Spotlight – long-métrage basé sur des faits réels – nous plonge donc dans le quotidien de quatre journalistes d’investigation, section spéciale du Boston Globe qui enquêtera à partir de 2001 et pendant plus d’un an sur des suspicions d’abus sexuels perpétrés au cœur de l’Église catholique. Une enquête secrète, ardue, millimétrée, gravitant autour des personnalités les plus emblématiques et influentes de la ville de Boston, qui pointera du doigt de nombreuses et sombres ramifications et dévoilera que pouvoir, justice et Communauté catholique savent parfaitement se rapprocher et s’entendre dans les pires sacrements. Entre manigances, intimidations, arrangements écœurants, accointances douteuses, ces journalistes se confronteront au pire et s’acharneront jusqu’à faire de leur enquête un véritable combat pour la vérité…
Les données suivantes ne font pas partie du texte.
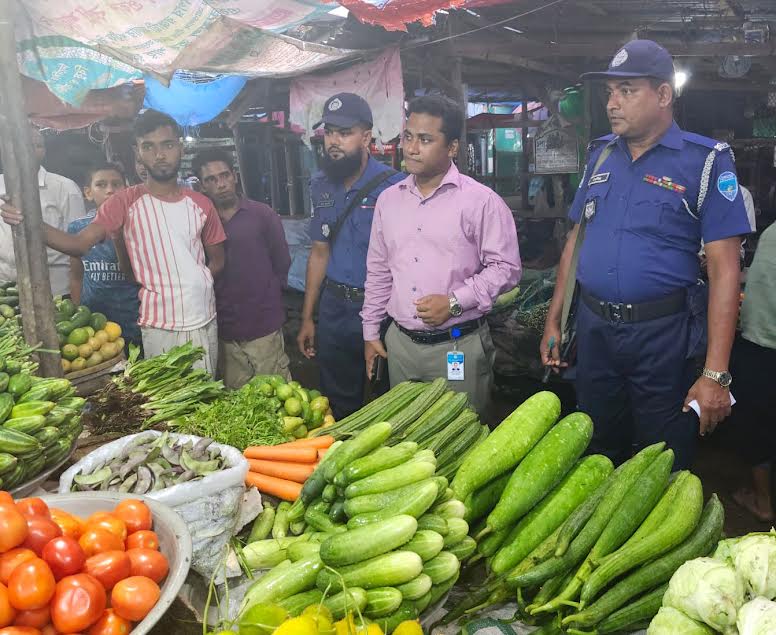 আনোয়ারার চাতরী চৌমুহনী বাজারে অভিযান, ৪ দোকানে ১৫ হাজার টাকা জরিমানা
Durant deux heures, le spectateur suit, fasciné et hypnotisé, ces reporters de haut vol superbement incarnés par des acteurs et actrices d’une justesse incroyable, littéralement habités par leurs personnages et dénué-es de velléités égotiques. Michael Keaton, Mark Ruffalo, Rachel McAdams et Brian d’Arcy James forment une seule et même entité à l’écran, bloc soudé et inébranlable, tandis qu’en toile de fond le rédacteur en chef du Globe – merveilleusement représenté par Liev Schreiber – personnalité taciturne, taiseuse et étrange que l’on voit finalement peu, œuvre dans l’ombre tel un vengeur insaisissable et inquiétant. Jamais édulcoré mais encore moins voyeuriste ou pathos, Spotlightest une œuvre captivante et d’une très grande finesse, à la fois éprouvante et émouvante qui marche dans les pas d’une affaire sordide et pourtant tellement maîtrisée qu’elle en devient lumineuse. La réalisation est affûtée, le scénario brillamment mis en forme, les dialogues ciselés, chaque minute qui passe est une révélation de plus, chaque seconde un détail qui écorche le cœur, chaque image une vision qui s’accroche à la rétine. C’est haletant, poignant, révoltant mais aussi plein d’espoir, parce qu’au-delà du synopsis lui-même, Spotlight redonne ses lettres de noblesse au métier de journaliste, trop souvent réduit aujourd’hui à de l’information illusoire et du sensationnel vomitif…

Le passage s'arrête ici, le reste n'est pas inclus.